His semi-final win over Juan Martin del Potro meant Nadal equalled great rival Roger Federer in reaching 11 finals at a single grand slam, the Swiss having won eight Wimbledon titles and been 
runner-up three times.

Nadal has won an incredible 85 of his 87 matches in Paris and even now, aged 32 but with his injury problems seemingly behind him, the Spaniard is showing no signs of letting up.

“For me, the motivation to play here is always high, as high as possible,” he said. “But for me, at every tournament I believe that there are chances, limited chances in your career. So when I had the chances, I just tried to convert.

“If you lose, you lose, but I’m going to play with my highest passion and love for the game and for the sport, to try to have success.
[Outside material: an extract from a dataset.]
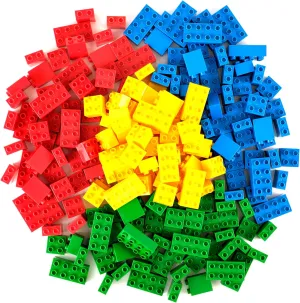 Big Blocks Set, Large Building Blocks for Ages 3 and Up, 100% Compatible with All Major Brands, Classic Colors, 204 Pieces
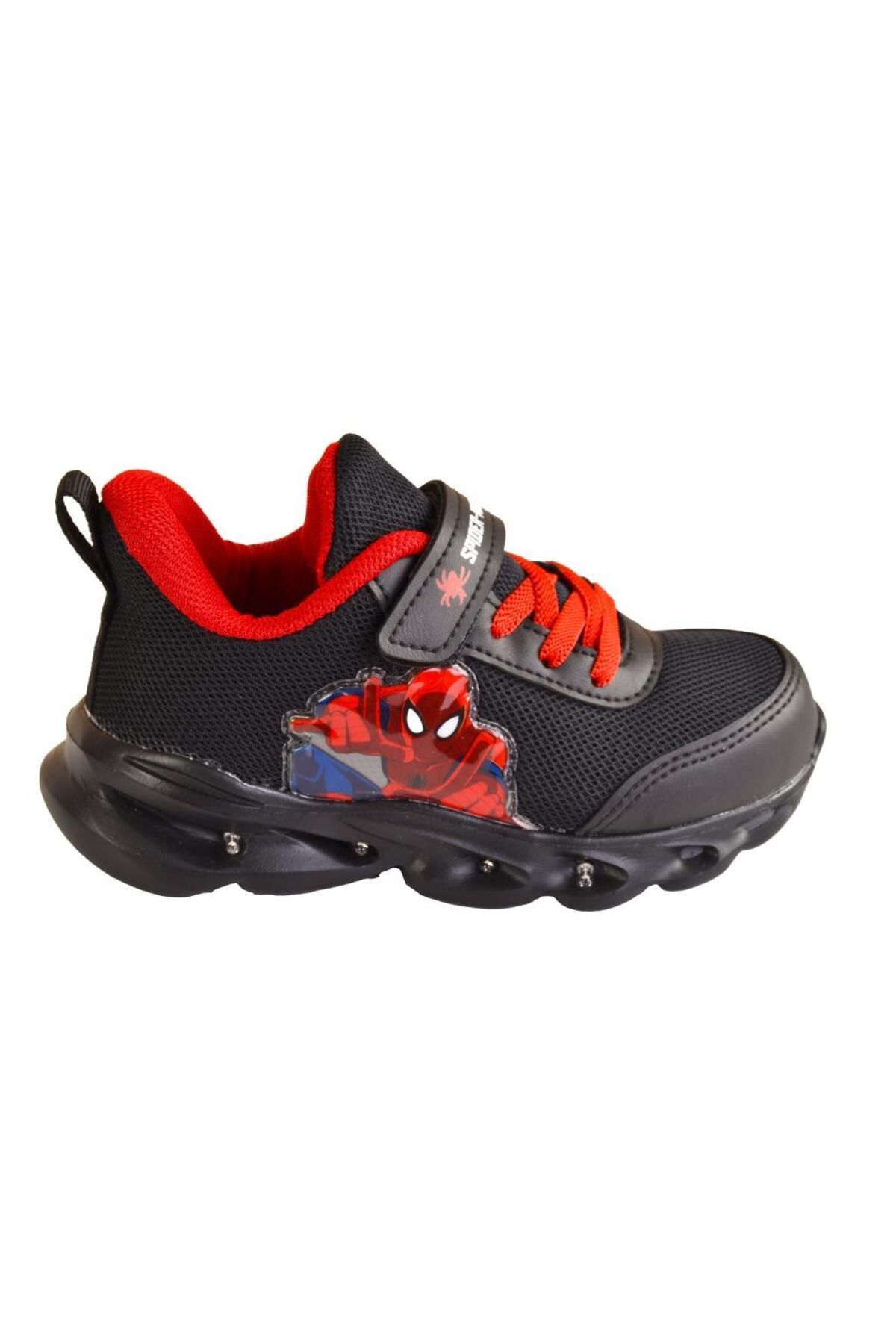 Spiderman Erkek Çocuk Mavi / Siyah Işıklı Spor Ayakkabı Hafif Sneaker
“I lost a lot of opportunities with injuries and I know the years are going quick. So there are not ten more chances to keep playing here. So I just enjoy the fact that I am here again. I love what I am doing. I love the competition. I love the sport.

“It’s been a lot of years of playing and doing the same things every year. But the only way to keep doing that and keep going on court every morning with the motivation to improve something, because you feel the game, no? You feel the sport and you appreciate it.”

Seventh seed Thiem, who will be playing in his first grand slam final, is regarded as second only to Nadal on clay – albeit probably quite a distant second.

Nevertheless, the 24-year-old can look back on two victories over Nadal on his favourite surface in the last 13 months, including one in Madrid just last month. “For sure I can take some things from that,” he said. “If I want to beat him, I have to play that way like I did in Rome and in Madrid.

“But I’m also aware that here it’s tougher. He likes the conditions more here than in Madrid, for sure. And best of five sets is also a different story. He’s a big favourite against everybody. But I know how to play against him. I have a plan.”

It may be his first slam final but Thiem insists he goes into the contest relaxed. “I’m not the one who has the pressure,” he explained. “I went a very long way now and I don’t want to lose the final.”